Senin, 05 Januari 2009

PESONA BALI





Rasanya tak ada habis-habisnya cerita tentang keelokan dan pesona Bali. Itulah yang saya dan teman-teman Patun Sekkau beserta keluarga rasakan tatkala menikmati liburan di pulau dewata itu akhir tahun lalu. Tepatnya tanggal 19-21 Desember 2008. Ini liburan special karena merupakan “perintah” dan sekaligus “kebaikan hati” Kasau Marsekal Subandriyo.

Dibilang perintah karena untuk berlibur pun tentara memerlukan perintah, karena filosofinya untuk hal apapun harus ”bergerak atas perintah”. Lalu soal ”kebaikan hati”, ya jelas, karena perintahnya menyenangkan, atau membuat hati pihak yang diperintah menjadi senang.
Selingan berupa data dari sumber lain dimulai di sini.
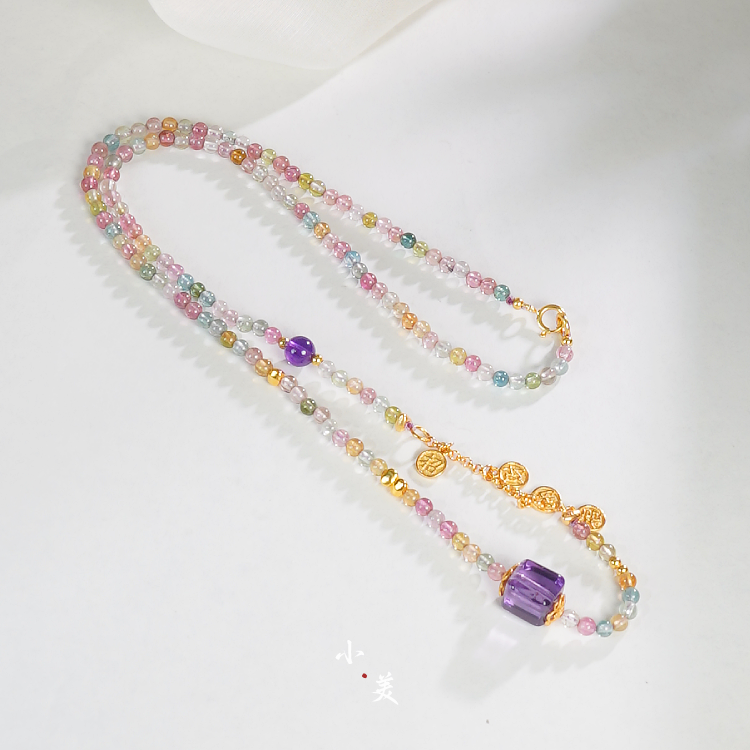 彩色碧玺招财纳福项链（多样性发）C493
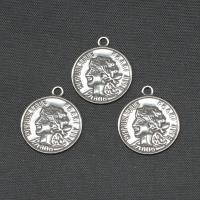 Stainless Steel Pendants, Round, silver color plated, 22x18x1mm, Sold By PC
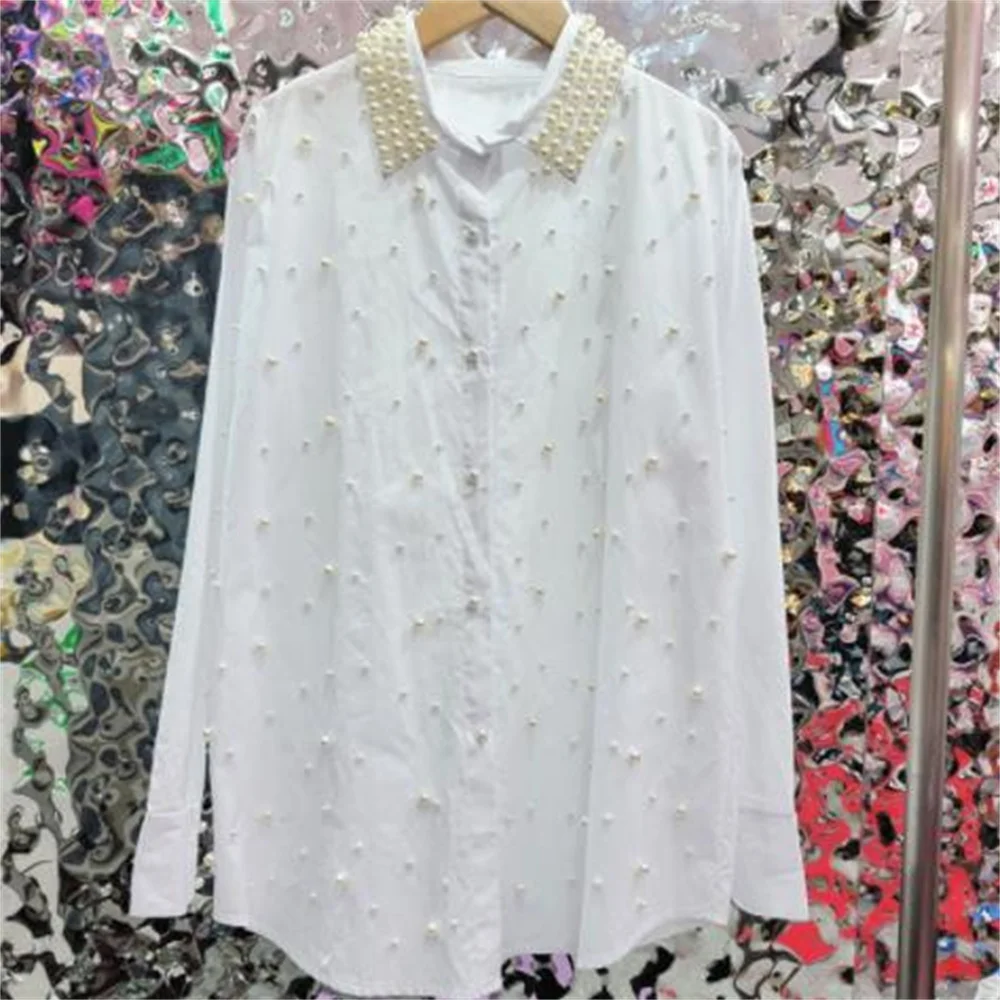 New Women'S Fashion Bead Slim White Loose Shirt Camisas Femininas Chemises Et Camicette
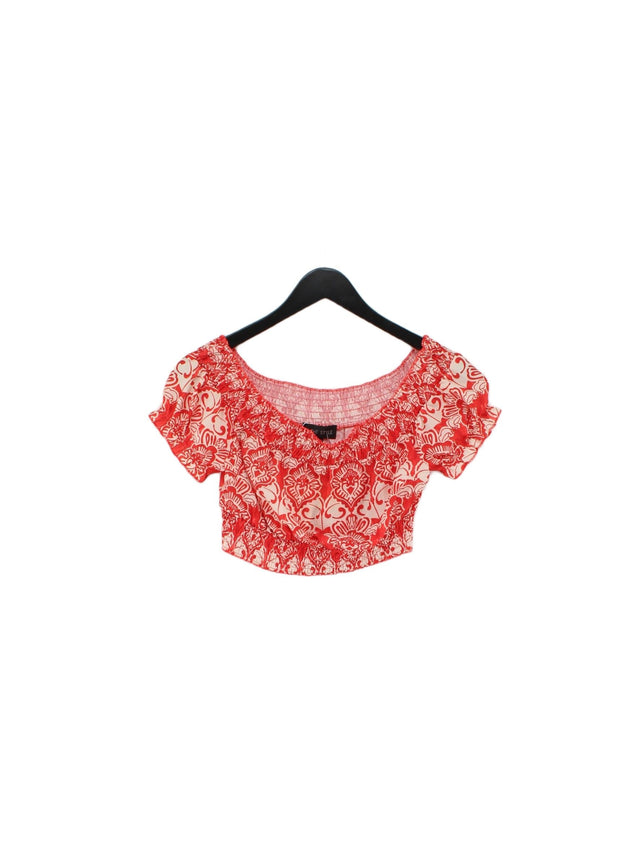 In The Style Women's Top UK 6 Red 100% Polyester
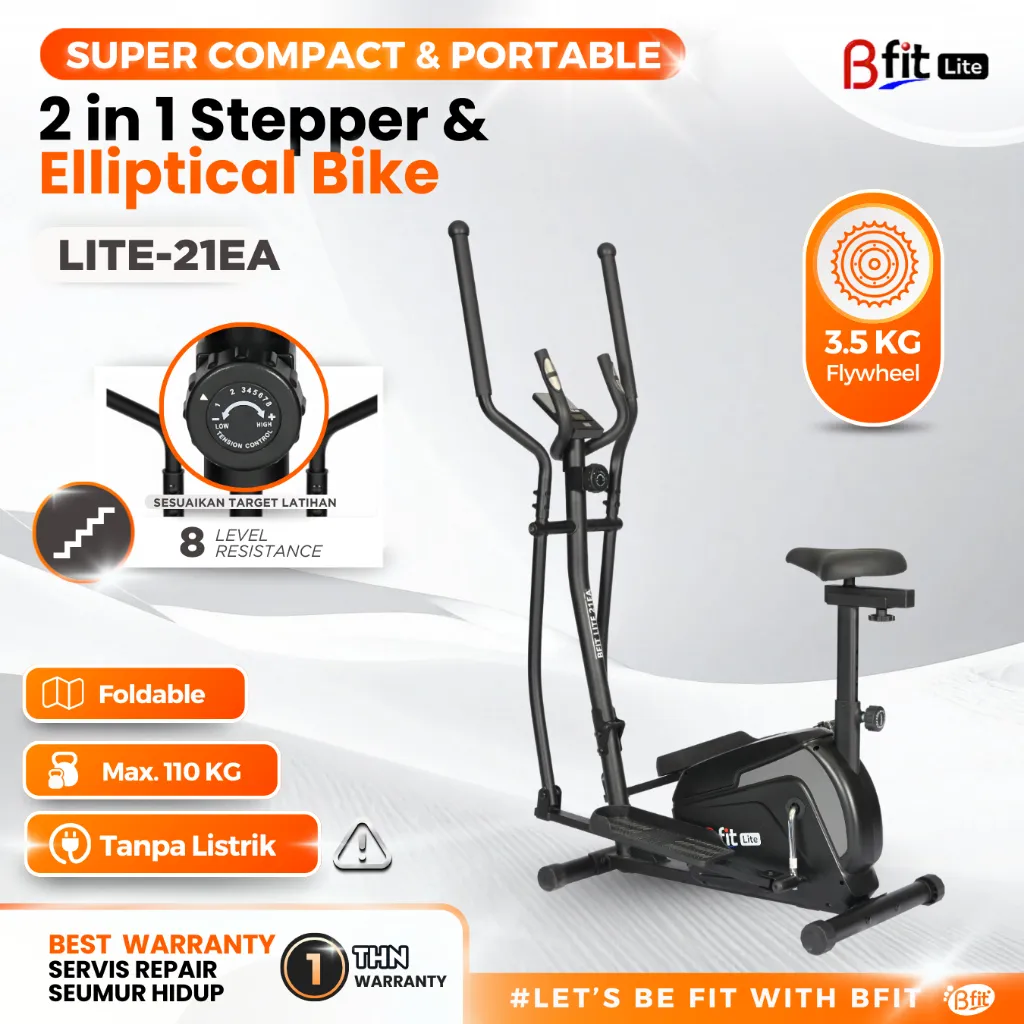 Sepeda Statis BFIT LITE-21EA Elliptical Cross Trainer Magnetik 2-IN-1 Stepper & Bike Olahraga Cardio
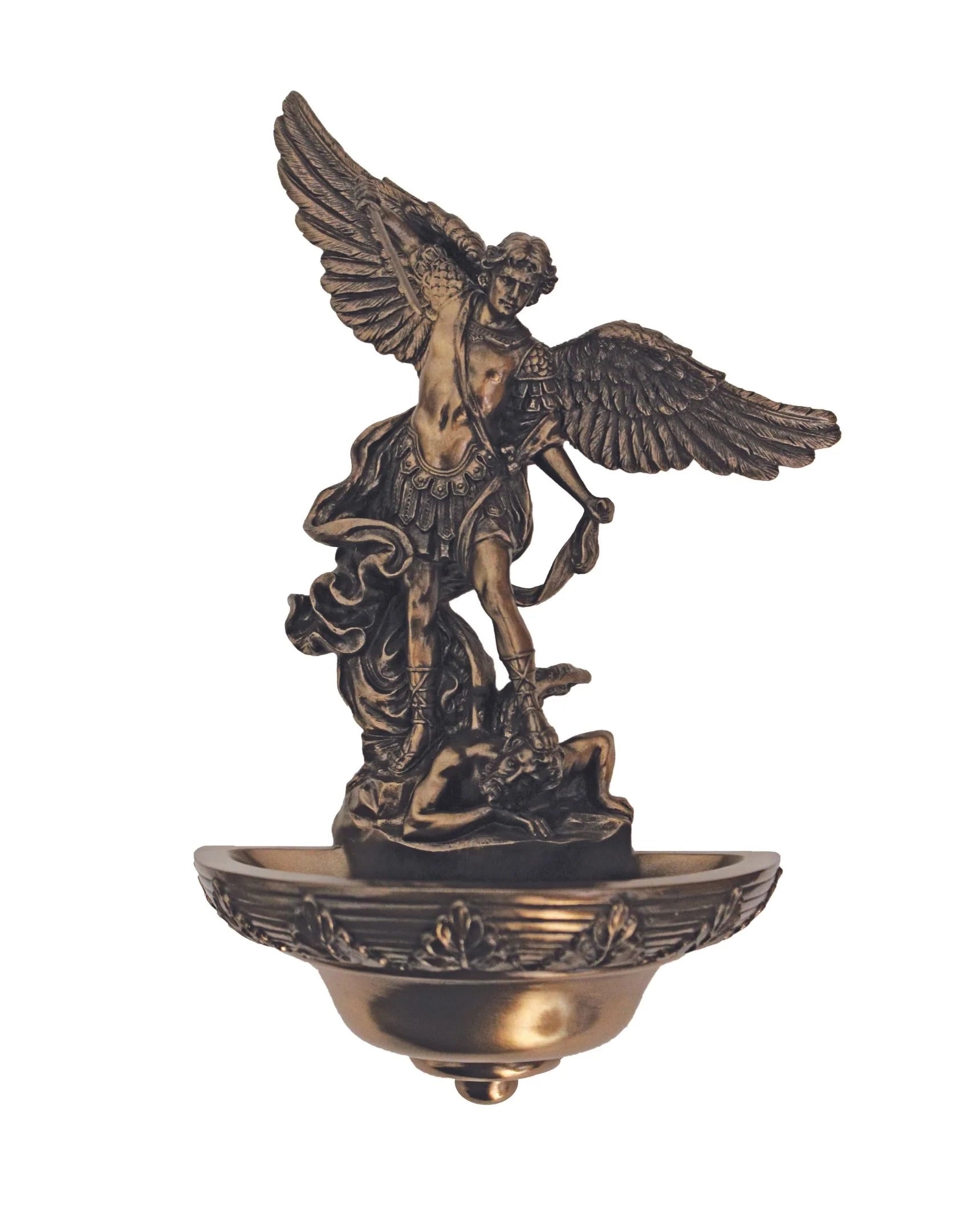 Bronze angel wall sculpture on a white background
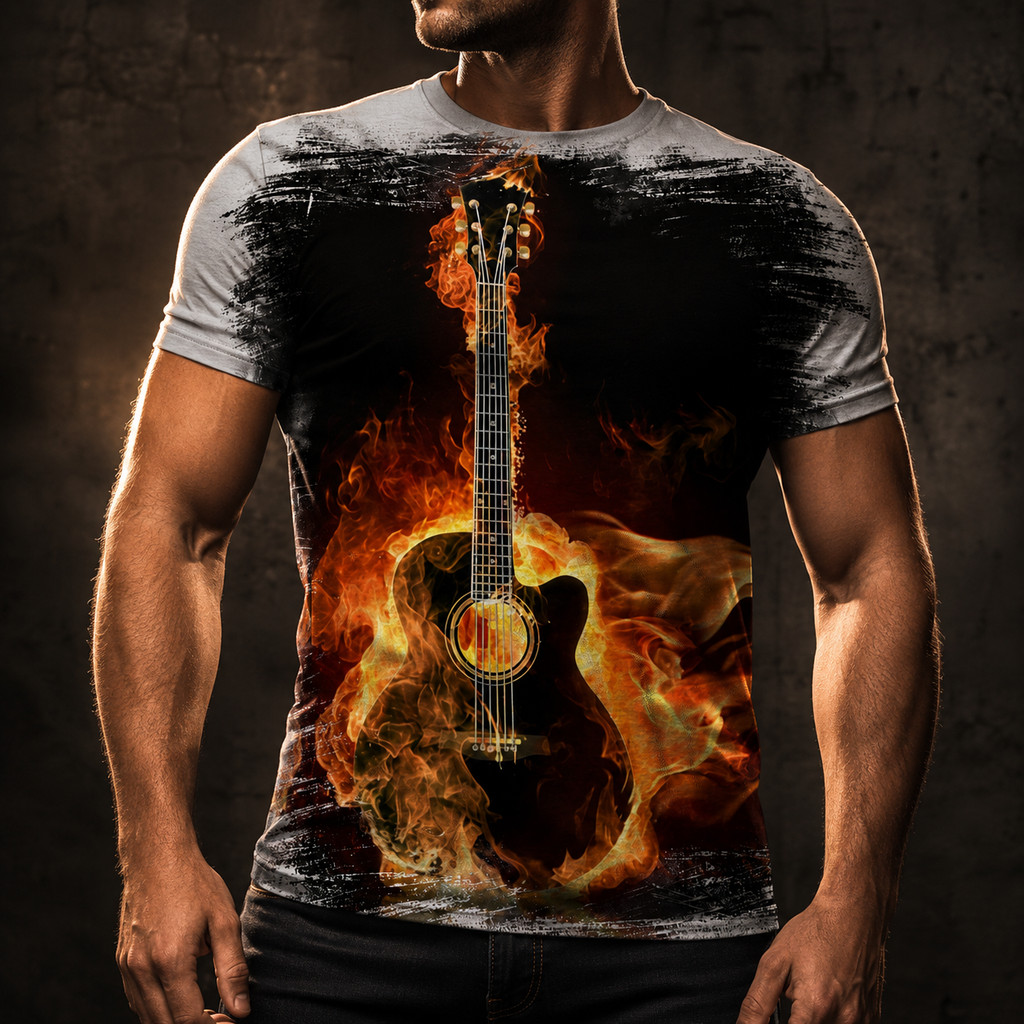 Camiseta violão fogo instrumento musical - Decora 06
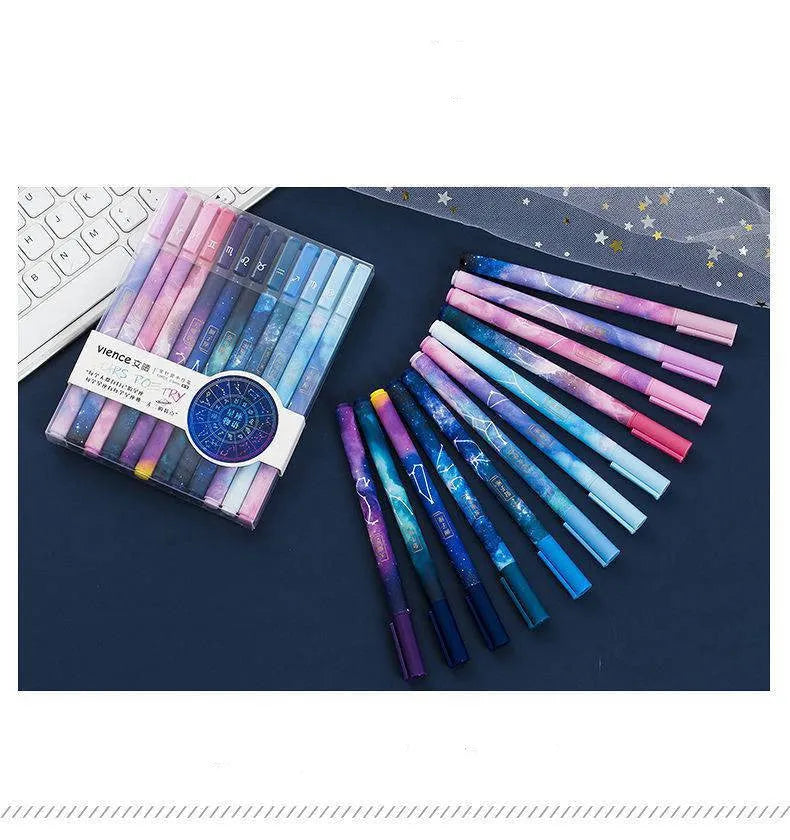 Set of twelve plastic ballpoint pens with different constellation and zodiac designs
Jarang-jarang lho yang seperti itu. Biasanya perintah atasan ”menjengkelkan”, tapi karena Sapta Marga ya harus dilaksanakan.

Kembali ke pesona Bali. Pertama-tama kami mengunjungi monumen Garuda Wisnu Kencana (GWK). Meski belum beres pengerjaannya, patung raksasa kreasi pematung top Bali Nyoman Nuarte ini sunggung elok dan menakjubkan. Lalu kami menuju Pantai Kuta. Tak terlalu istimewa memang, selain karena pemandangan turis ”udo” tetap tersaji dengan gamblangnya, juga karena pembangunan aneka bangunan yang semakin menambah semrawutnya suasana. Untungnya, pesona sunset masih cukup menggoda untuk tetap bertahan di pantai ini. Malamnya free program.

Keesokan harinya dilanjutkan dengan mengunjungi Istana Tampaksiring, sebuah karya elok hasil ide dan kreasi Bung Karno sang presiden pertama Republik ini. Meski hanya menikmati halaman luar dan taman-tamannya yang elok, kami cukup puas meski diguyur gerimis yang nakal membasahi diri.

Lalu perjalananan dilanjutkan ke ke Pasar Sukowati. Ini pasar seni untuk menguji kepandaian kita menawar harga barang yang dijual. Ternyata nawar separo dari harga yang ditawarkan penjual (sebagaimana lazimnya) termasuk langkah yang tak elok, yang benar tawarlah harga di sana di bawah sepertiga harga yang ditawarkan! Ga usah malu daripada nyesel setelah itu.

Dan gong pamungkas mengunjungi tujuan wisata ”wajib”: Tanah Lot. Sayang sore itu air laut sedang pasang, sehingga tak bisa menaiki pulau karang tempat Pura Kuno Tanah Lot berdiri dengan agungnya. Tak bisa dipungkiri, setuju atau tidak, suka atau tidak, Bali memang identik dengan pariwisata sebagai industri, termasuk budayanya. Maka, jangan kaget jika ada seekor ular kecil yang diberi nama ”ULAR SUCI” sehingga untuk melihatnya pun kita harus merogoh kocek – meski tak mahal – seribu perak. Setelah melongok, walah, ya Cuma ular kecil belang-belang mlungker di ceruk bebatuan seperti goa di pinggir pantai Tanah Lot. Malamnya kami dinner di Pantai Jimbaran. Very delicious, of course, but so expensive!

Yang pasti, tujuan perintah Kasau tercapai: berlibur, atau nama kerennya ”REKREASI” benar-benar membuat badan fresh dan kelak kembali ke kantor bisa berkreasi lagi (re-creation).***

2 komentar:

Ayumi Galuh mengatakan...

Tanah Lot memang memukau...
http://www.tanahlot.net

smart institute mengatakan...

yes! anda yang orang Bali aja bilang memukau, apalagi saya dan orang lain dari luar Bali, wow, super memukau! tanks komentarnya, dan saya ingin masukan banyak dari anda tentang blog saya ini.